住友春翠と『金色夜叉』
今朝の朝ドラ「あさが来た」で、田村宜が『金色夜叉』に夢中になっていた。
『金色夜叉』と言えば、住友春翠にもエピソードがある。エピソードというよりご子息寛一による暴露といったほうが正しいかもしれない。
そもそも寛一の著書『Tへの手紙』自体が非売品で、まさか私などに読まれるとは想像もしていなかったに違いない。
春翠が亡くなった後、寛一は別荘のあった熱海へ行き、机の引き出しに「金色夜叉」を見つける。春翠が熱海にいたのは60歳ごろだったそうだが、それまで小説を読んだことがなかったらしい。しかし熱海に来て、ふと読んでみようという気になった。その後の寛一の一行が痛烈である。
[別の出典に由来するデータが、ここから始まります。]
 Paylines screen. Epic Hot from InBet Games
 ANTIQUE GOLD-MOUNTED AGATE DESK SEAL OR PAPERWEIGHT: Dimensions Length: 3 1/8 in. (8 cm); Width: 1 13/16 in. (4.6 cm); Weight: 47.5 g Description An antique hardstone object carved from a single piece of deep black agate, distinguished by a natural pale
本を見たところ一向通読した様子はない。ほんの少しで止めたらしい。
このエピソードは伝記『住友春翠』にもとりあげられている。伝記によると、春翠は、広瀬宰平に自伝の序文を求められたときも「小説を読んでも得るものがない」などと記して兄の西園寺公望を嘆かせている。
小説を読まないことと読書をしないことは違う。小説を読まなくても、彼は教養を十分に身につけていった。国語の授業といえば小説を読んで登場人物の気持ちを考えて・・・というものが思い浮かぶが、もっと大事なことがあるような気がする。